Abstract
To describe pathological changes in the anatomy of highly myopic (axially elongated) eyes, enucleated globes were examined by light microscopy and ocular structures were measured histomorphometrically. These studies revealed that highly axially myopic eyes show continuous thinning of the sclera starting at or behind the equator with a maximal thinning at the posterior pole; a profound thinning of the choroid decreasing from ∼250 to <10 μm in extreme axial myopia, secondary macular defects in the Bruch's membrane associated with a complete loss of retinal pigment epithelium and choriocapillaris, and retinal photoreceptors; a Bruch's membrane of normal thickness in contrast to the profound thinning of the choroid and the sclera; an up to 10-fold elongation and thinning of the peripapillary scleral flange as anterior roof of the orbital cerebrospinal fluid space, and subsequently a retrobulbar extension of the cerebrospinal fluid space; an increased distance of the peripapillary arterial circle of Zinn–Haller to the optic disc border; an elongation and thinning of the lamina cribrosa with a subsequently decreased distance between the intraocular pressure compartment and the retrobulbar orbital cerebrospinal fluid pressure compartment; an increasing exposure of the peripheral posterior lamina cribrosa surface to the cerebrospinal fluid space, no longer buffered by the solid optic nerve tissue; and the development and enlargement of parapapillary gamma zone, in contrast to a myopia-independent parapapillary beta zone. These anatomical changes may be associated with high axial myopia-related complications such as an increased susceptibility of glaucomatous optic neuropathy and myopic retinopathy.
Keywords: axial myopia, myopic retinopathy, Bruch's membrane, optic disc, peripapillary scleral flange, arterial circle Zinn-Haller
Axial myopia is defined as an axial length above the norm and too long for the refractive power of the whole optical system of the eye. Myopia, in particular high myopia, has become one of the major causes of visual field defects, visual impairment, and blindness.1, 2 The importance of myopia will further increase because of the myopic shift taking place in particular in Asian countries at the Pacific rim.3, 4, 5, 6, 7, 8 Recent population-based and community-based studies have shown that in schools in large Chinese cities, the prevalence of myopia (refractive error ≤−1.00 diopters) increased from 13% in the 7-year-old to 46% in the 12-year-old to 77% in the 18-year-old teenagers.

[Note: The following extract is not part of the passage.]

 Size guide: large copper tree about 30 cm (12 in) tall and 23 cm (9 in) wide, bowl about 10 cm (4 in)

The prevalence of high axial myopia (refractive error ≤−8.00 diopters) was about 5%.8, 10 In studies performed on university students in China in 2012, the prevalence of myopia increased to 95% and that of high myopia to 20%.10 The increasing prevalence of myopia in children and young adults in China is likely to produce an associated increase in the development of potentially vision-threatening myopia-related complications in older adults. It may demonstrate the importance myopia may gain or already has gained.

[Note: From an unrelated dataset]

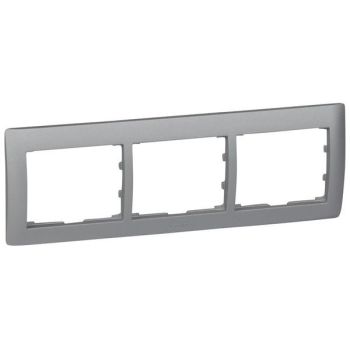 Legrand 771303 3fach waagerecht soft alu Rahmen Galea (771303)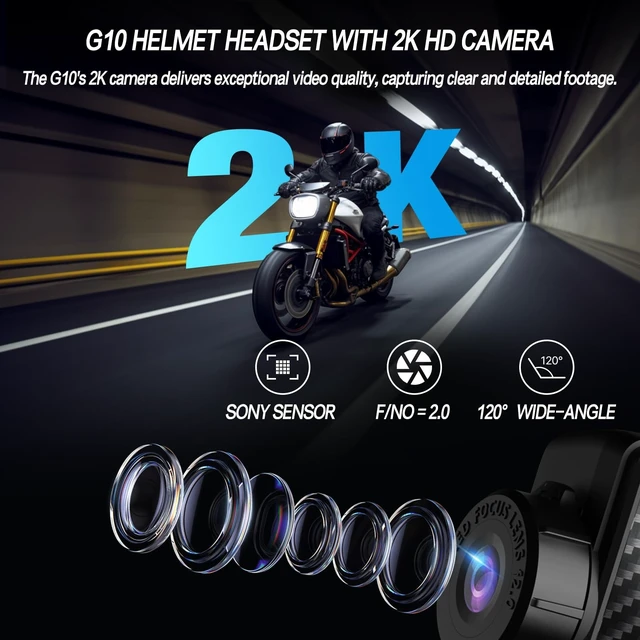 Alt view image 2 of 5 - TNICER Motorcycle Bluetooth Headset with Camera G10 Motorcycle Camera with EIS Helmet Bluetooth Headset 8-Way 1000m WiFi Recording Intercom with 64G Card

Definition of high axial myopia
Previous population-based and hospital-based studies have revealed that axial myopia, in particular high axial myopia, is a risk factor for the development of rhegmatogenous retinal detachment, glaucomatous optic neuropathy, and myopic retinopathy, to name only a few.11, 12 The question arises what the cutoff value is to differentiate between moderate axial myopia and high axial myopia. If high axial myopia is characterized by an elongation of the globe, predominantly at the posterior pole, one may define the cutoff value for high axial myopia as the refractive error or axial length at which the size of the optic disc and the parapapillary atrophy markedly enlarges. Hospital-based and population-based investigations have revealed that the optic disc and the parapapillary atrophy start to enlarge at about a value of −8.00 diopters of refractive error or an axial length of ∼26.5 mm.13, 14, 15 Beyond these values, the prevalence of myopic retinopathy and glaucomatous optic neuropathy steeply increased.11, 12 One may therefore consider high axial myopia as a myopia refractive error of >−8.00 diopters or an axial length >26.5 mm.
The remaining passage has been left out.